I know, a lot of pipe smokers love the comradeship of a gathering of pipe smokers who sit together and jaw away time as they chat about their hobby and the solve the crises of the world from the comfort of a wreath of smoke. But me, I need the quiet reflective time of being by myself. The rest of my life is full of people around me all the time making demands either implicitly or explicitly on my time and attention. I come home each evening tired of people and the demands of a day of work. To me at that moment the last thing I need is to sit and talk with anyone… pipe smoker or not. What I long for and seek is a quiet solace that is created by my pipe and a bit of time to disconnect from the day that has past.
I find a corner in the house, on the porch or under a tree in the yard whose only requirement is that it must be quiet – maybe the hum of passing traffic, maybe a dog barking or some other external noise that is non human is present as ambient noise, a white noise. That kind of noise is acceptable and a welcome addition to help quiet the noise in my head. In that quiet space I settle into a comfortable chair from which I can observe the life of the neighbourhood around me. The twittering of birds, the squabbles of the squirrels over the walnuts in my yard are a pleasant change. I take out a trusted and well broken in pipe and handle it carefully. I rub it down and feel the gentle curves and the variety of textures that make up stem and bowl. I sniff the warm memories of bowls that had been smoked in the past and just take time to savour the moment. Life is good. There is no rush to pack the bowl. No frantic need to get to the point. No sense of having to pack the bowl and smoke pressing upon me. I can move at my own pace in my own time with no one defining the time.

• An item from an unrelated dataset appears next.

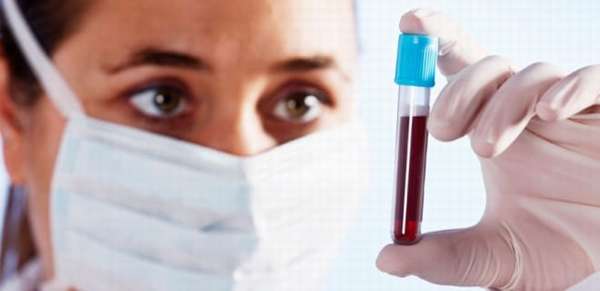 Определение онкомаркеров в крови при карциноме яичников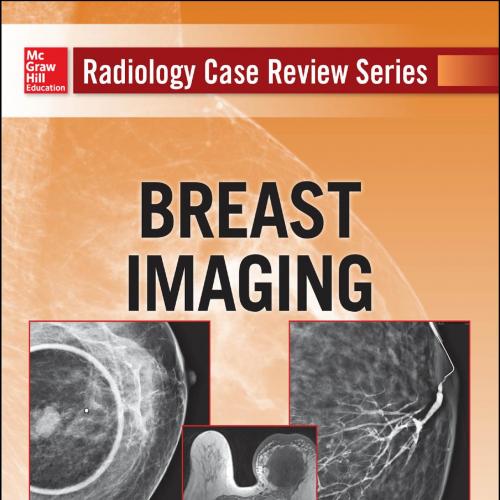 Radioliogy Case Review Series Breast Imaging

I take a deep breath and exhale slowly and just enjoy the pleasure of being for a moment. Far removed by time, space and mental thought from the demands of doing. I take out my pouch or tin of a good tobacco that I know will deliver a good smoke and begin the process. I remove a couple of flakes of sweet smelling Virginia and smell the sweet grassiness of the tobacco. I rub them out to the texture I love or I roll them into a ball in my palms and enjoy the feel of the tobacco as it is readied for packing. This ritual in itself is a moment of solitude that is hard to find in the norm of my life. Once the tobacco is just right I begin to load the bowl of my pipe. I want to make sure it is loaded just right, but I am not anal about it – that would wreck the moment. I take the tobacco and begin to tamp it into the bowl. I feel the springiness beneath my fingers and know from the years of the process that it is just right. I put the pipe in my mouth and feel the draw. While doing that I clean up the remnants of tobacco and roll the pouch or close the tin and set it aside. I sit like that for an immeasurable moment and just taste the tobacco – unlit in my pipe. There is freshness and expectancy in the taste. There is a promise of good flavour that will be released by fire. But I want to just take the time to enjoy the moment before striking the fire.

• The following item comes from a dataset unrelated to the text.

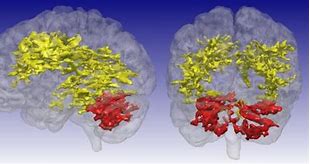 Image result for Bipolar Brain MRI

Then without knowing why, the moment of fire has arrived. I take my Zippo or a match – no reason for the choice, just what happens to be at hand. I circle the bowl with the flame drawing deeply on the pipe as the fire is drawn into the tobacco. I can feel the warmth in my mouth as it begins to catch fire. The tobacco begins to smoulder and the smoke curls out of the top of bowl and around the edges of my mouth. Ah the tastes and the sensations of that moment as the smoke rises from the bowl and I gaze at the world through the haze of a good smoke. I cannot quite explain the sensation of the moment for you – you just have to be there. There is no one talking. There is no demand on the time. There is no pressure to converse or respond to the need of another. There is no pressure from inside or outside to act. It is just the quiet moment of solitary time when my pipe delivers me to that place where I can be alone and unencumbered by anything or anyone. That is what I love about time with my pipe. It is time I cannot get in a group of pipe smokers. It is time I cannot get with another piper next to me. It is that sweet alone time that slows my life down and gives me renewed perspective to enter into the next moments of my life.

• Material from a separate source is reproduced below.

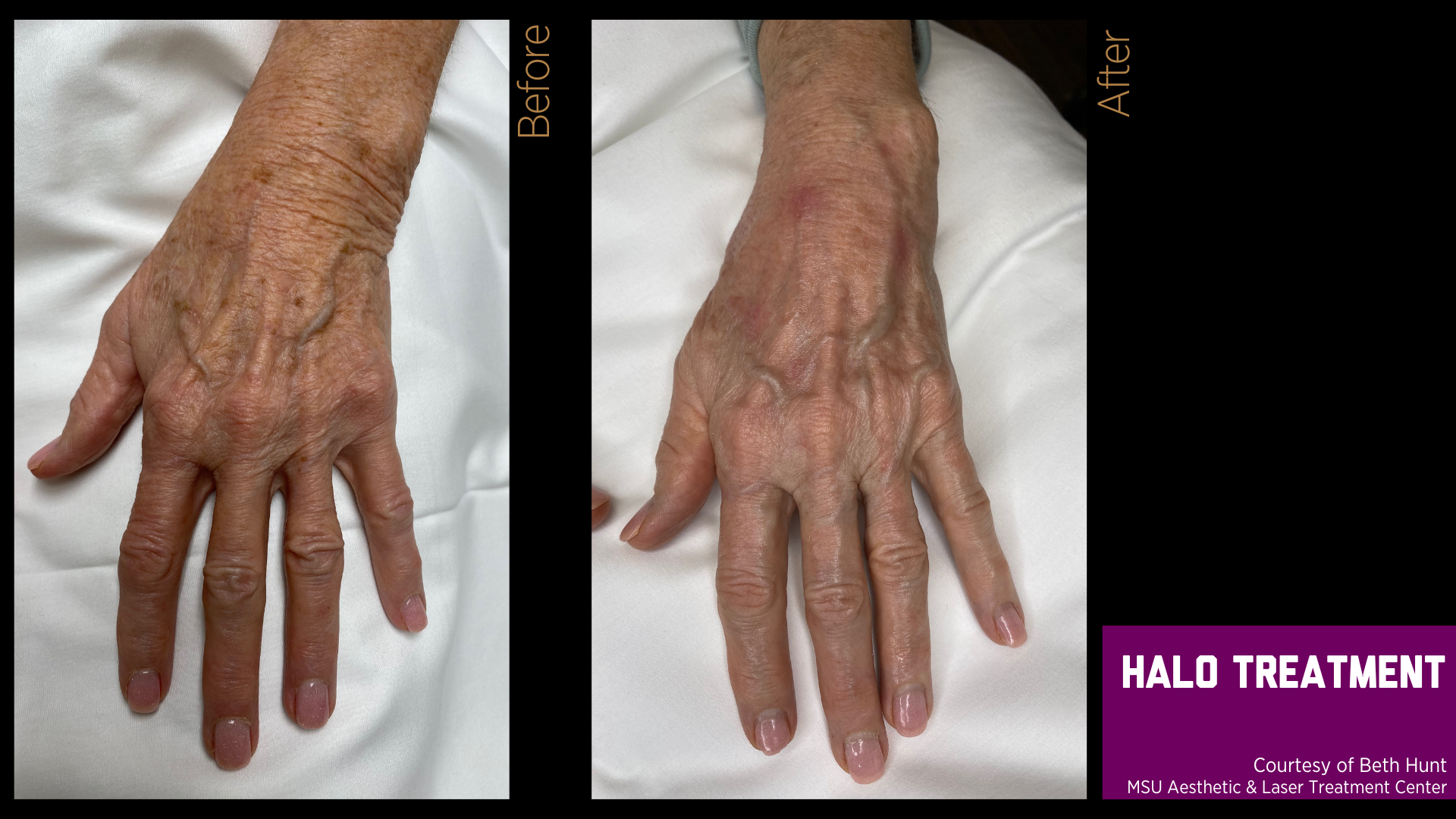 before and after treatment photos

All too soon the embers smoulder out and the bowl is finished. The pipe is warm to the touch and the air around me is full of the smell of the smoke. Time begins to once again move forward. I can hear my wife and daughters moving around in the house working on dinner. I can hear their laughter and their bickering that is all a part of my life and I chuckle to myself. It is good! I can now fully enter into that piece of my life and be engaged with them. I have been able to lay aside the encumbrances of my day and become free to re-enter my family and enjoy them. Those private moments, those solitary times give me the space to disconnect from one moment and enter the next more fully. This is not to say I don’t enjoy the energy of a group of pipers together but it is these moments that energize me and keep me smoking my pipes. They have an uncanny ability to calm me and grant me serenity.